Species of plant endemic to Queensland, Australia

Hakea persiehana is a shrub or small tree in the genus Hakea, which comprises approximately 150 species restricted to Australia. Most Hakea seed are usually dispersed by an environmental trigger rather than when seed matures, quite often by fire, whilst other species may require sporadic flooding rains to establish. Hakea is within the family Proteaceae

==Description==
Hakea persiehana is a shrub or small tree growing 3 to 10 m in height with a spreading canopy and dark grey deeply grooved cork-like bark.
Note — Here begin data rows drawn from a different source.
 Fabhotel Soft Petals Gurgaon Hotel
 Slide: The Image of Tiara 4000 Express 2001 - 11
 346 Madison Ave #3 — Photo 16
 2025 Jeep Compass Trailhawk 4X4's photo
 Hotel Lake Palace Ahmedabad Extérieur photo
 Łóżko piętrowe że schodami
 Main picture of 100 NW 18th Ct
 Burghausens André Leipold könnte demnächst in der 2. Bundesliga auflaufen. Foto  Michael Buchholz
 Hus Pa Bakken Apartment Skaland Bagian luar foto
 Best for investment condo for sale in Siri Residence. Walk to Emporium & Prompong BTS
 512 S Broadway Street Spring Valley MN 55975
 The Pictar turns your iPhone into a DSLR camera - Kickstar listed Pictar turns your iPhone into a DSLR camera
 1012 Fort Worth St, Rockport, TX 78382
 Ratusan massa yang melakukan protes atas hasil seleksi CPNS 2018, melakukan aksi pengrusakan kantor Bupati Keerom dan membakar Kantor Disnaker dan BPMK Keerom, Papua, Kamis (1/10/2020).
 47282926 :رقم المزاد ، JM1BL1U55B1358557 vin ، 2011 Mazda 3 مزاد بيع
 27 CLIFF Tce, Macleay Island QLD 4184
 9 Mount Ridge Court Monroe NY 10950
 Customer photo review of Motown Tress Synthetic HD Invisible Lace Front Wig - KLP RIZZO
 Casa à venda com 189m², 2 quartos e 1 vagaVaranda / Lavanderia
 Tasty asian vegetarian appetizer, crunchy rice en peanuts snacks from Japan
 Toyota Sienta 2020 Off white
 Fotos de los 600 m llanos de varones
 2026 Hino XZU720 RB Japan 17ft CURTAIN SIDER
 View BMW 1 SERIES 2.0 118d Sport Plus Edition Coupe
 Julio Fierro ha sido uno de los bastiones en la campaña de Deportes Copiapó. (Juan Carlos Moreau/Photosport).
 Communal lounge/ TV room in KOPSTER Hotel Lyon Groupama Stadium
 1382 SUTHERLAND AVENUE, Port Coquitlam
Terete leaves are 8 to 28 cm long and 0.7-1 mm wide. About 50–100 cream-white flowers per inflorescence appear between November and February, occasionally May to June. The fruit is obliquely egg-shaped, 4.5–5.5 cm long and 2–2.7 cm wide, and gradually tapers into a recurved beak about 1–2 mm long.

==Taxonomy and naming==
Hakea persiehana was first formally described by Ferdinand von Mueller in 1886 and published in the Australasian Journal of Pharmacy. The species was named after druggist W. Anthony Persieh, a prolific collector for Mueller of Queensland flora.

==Distribution and habitat==
Hakea persiehana grows on Cape York Peninsula a large peninsula in far North Queensland as far south as the Atherton. Occurs in open woodland usually with Eucalyptus and Melaleuca.

==Conservation status==
Hakea persiehana is considered "least concern" by the Department of Environment and Science, Queensland.